(Provided information)

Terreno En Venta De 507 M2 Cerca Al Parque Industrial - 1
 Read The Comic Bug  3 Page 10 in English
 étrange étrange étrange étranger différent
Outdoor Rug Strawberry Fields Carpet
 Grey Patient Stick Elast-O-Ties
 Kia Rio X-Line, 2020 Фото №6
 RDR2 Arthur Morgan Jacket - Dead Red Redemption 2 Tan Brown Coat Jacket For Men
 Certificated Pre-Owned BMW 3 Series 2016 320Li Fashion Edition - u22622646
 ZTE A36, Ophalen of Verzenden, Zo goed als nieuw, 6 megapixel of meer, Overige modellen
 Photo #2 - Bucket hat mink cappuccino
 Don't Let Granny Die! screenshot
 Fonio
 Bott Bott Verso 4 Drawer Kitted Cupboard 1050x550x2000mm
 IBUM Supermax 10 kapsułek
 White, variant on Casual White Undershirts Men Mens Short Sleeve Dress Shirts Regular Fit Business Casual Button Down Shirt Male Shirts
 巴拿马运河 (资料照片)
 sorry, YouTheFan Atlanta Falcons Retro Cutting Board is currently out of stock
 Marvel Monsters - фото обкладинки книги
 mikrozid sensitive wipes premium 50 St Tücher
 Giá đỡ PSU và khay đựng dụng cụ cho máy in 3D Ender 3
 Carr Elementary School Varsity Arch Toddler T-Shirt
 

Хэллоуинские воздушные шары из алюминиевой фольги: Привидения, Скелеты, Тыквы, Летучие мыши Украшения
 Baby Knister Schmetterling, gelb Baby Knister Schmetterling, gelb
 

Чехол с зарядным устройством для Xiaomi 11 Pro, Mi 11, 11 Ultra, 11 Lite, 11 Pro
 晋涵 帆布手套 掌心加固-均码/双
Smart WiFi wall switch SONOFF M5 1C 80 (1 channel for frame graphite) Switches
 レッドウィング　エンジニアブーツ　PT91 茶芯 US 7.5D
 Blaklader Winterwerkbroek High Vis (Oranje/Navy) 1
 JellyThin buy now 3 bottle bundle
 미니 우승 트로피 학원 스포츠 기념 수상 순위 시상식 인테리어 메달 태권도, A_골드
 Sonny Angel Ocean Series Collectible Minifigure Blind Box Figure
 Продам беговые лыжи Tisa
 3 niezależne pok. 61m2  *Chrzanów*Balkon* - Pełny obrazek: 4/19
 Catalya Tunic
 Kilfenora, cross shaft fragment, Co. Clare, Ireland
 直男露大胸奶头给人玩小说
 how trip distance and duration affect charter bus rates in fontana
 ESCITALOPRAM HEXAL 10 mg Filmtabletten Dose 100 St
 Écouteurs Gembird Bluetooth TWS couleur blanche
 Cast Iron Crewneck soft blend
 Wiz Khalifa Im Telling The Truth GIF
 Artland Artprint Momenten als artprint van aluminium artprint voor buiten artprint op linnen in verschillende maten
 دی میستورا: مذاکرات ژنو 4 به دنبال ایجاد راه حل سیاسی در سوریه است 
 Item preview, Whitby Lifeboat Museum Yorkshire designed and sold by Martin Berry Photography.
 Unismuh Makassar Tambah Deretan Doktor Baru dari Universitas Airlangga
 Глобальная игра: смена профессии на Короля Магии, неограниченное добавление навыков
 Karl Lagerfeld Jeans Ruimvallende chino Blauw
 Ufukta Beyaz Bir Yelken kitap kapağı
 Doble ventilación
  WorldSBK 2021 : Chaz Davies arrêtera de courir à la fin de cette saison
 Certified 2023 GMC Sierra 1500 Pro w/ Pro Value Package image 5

(End Provided information)

- Assignment:
Output every record without changing any wording.

- Response area:
Terreno En Venta De 507 M2 Cerca Al Parque Industrial - 1
 Read The Comic Bug  3 Page 10 in English
 étrange étrange étrange étranger différent
Outdoor Rug Strawberry Fields Carpet
 Grey Patient Stick Elast-O-Ties
 Kia Rio X-Line, 2020 Фото №6
 RDR2 Arthur Morgan Jacket - Dead Red Redemption 2 Tan Brown Coat Jacket For Men
 Certificated Pre-Owned BMW 3 Series 2016 320Li Fashion Edition - u22622646
 ZTE A36, Ophalen of Verzenden, Zo goed als nieuw, 6 megapixel of meer, Overige modellen
 Photo #2 - Bucket hat mink cappuccino
 Don't Let Granny Die! screenshot
 Fonio
 Bott Bott Verso 4 Drawer Kitted Cupboard 1050x550x2000mm
 IBUM Supermax 10 kapsułek
 White, variant on Casual White Undershirts Men Mens Short Sleeve Dress Shirts Regular Fit Business Casual Button Down Shirt Male Shirts
 巴拿马运河 (资料照片)
 sorry, YouTheFan Atlanta Falcons Retro Cutting Board is currently out of stock
 Marvel Monsters - фото обкладинки книги
 mikrozid sensitive wipes premium 50 St Tücher
 Giá đỡ PSU và khay đựng dụng cụ cho máy in 3D Ender 3
 Carr Elementary School Varsity Arch Toddler T-Shirt
 

Хэллоуинские воздушные шары из алюминиевой фольги: Привидения, Скелеты, Тыквы, Летучие мыши Украшения
 Baby Knister Schmetterling, gelb Baby Knister Schmetterling, gelb
 

Чехол с зарядным устройством для Xiaomi 11 Pro, Mi 11, 11 Ultra, 11 Lite, 11 Pro
 晋涵 帆布手套 掌心加固-均码/双
Smart WiFi wall switch SONOFF M5 1C 80 (1 channel for frame graphite) Switches
 レッドウィング　エンジニアブーツ　PT91 茶芯 US 7.5D
 Blaklader Winterwerkbroek High Vis (Oranje/Navy) 1
 JellyThin buy now 3 bottle bundle
 미니 우승 트로피 학원 스포츠 기념 수상 순위 시상식 인테리어 메달 태권도, A_골드
 Sonny Angel Ocean Series Collectible Minifigure Blind Box Figure
 Продам беговые лыжи Tisa
 3 niezależne pok. 61m2  *Chrzanów*Balkon* - Pełny obrazek: 4/19
 Catalya Tunic
 Kilfenora, cross shaft fragment, Co. Clare, Ireland
 直男露大胸奶头给人玩小说
 how trip distance and duration affect charter bus rates in fontana
 ESCITALOPRAM HEXAL 10 mg Filmtabletten Dose 100 St
 Écouteurs Gembird Bluetooth TWS couleur blanche
 Cast Iron Crewneck soft blend
 Wiz Khalifa Im Telling The Truth GIF
 Artland Artprint Momenten als artprint van aluminium artprint voor buiten artprint op linnen in verschillende maten
 دی میستورا: مذاکرات ژنو 4 به دنبال ایجاد راه حل سیاسی در سوریه است 
 Item preview, Whitby Lifeboat Museum Yorkshire designed and sold by Martin Berry Photography.
 Unismuh Makassar Tambah Deretan Doktor Baru dari Universitas Airlangga
 Глобальная игра: смена профессии на Короля Магии, неограниченное добавление навыков
 Karl Lagerfeld Jeans Ruimvallende chino Blauw
 Ufukta Beyaz Bir Yelken kitap kapağı
 Doble ventilación
  WorldSBK 2021 : Chaz Davies arrêtera de courir à la fin de cette saison
 Certified 2023 GMC Sierra 1500 Pro w/ Pro Value Package image 5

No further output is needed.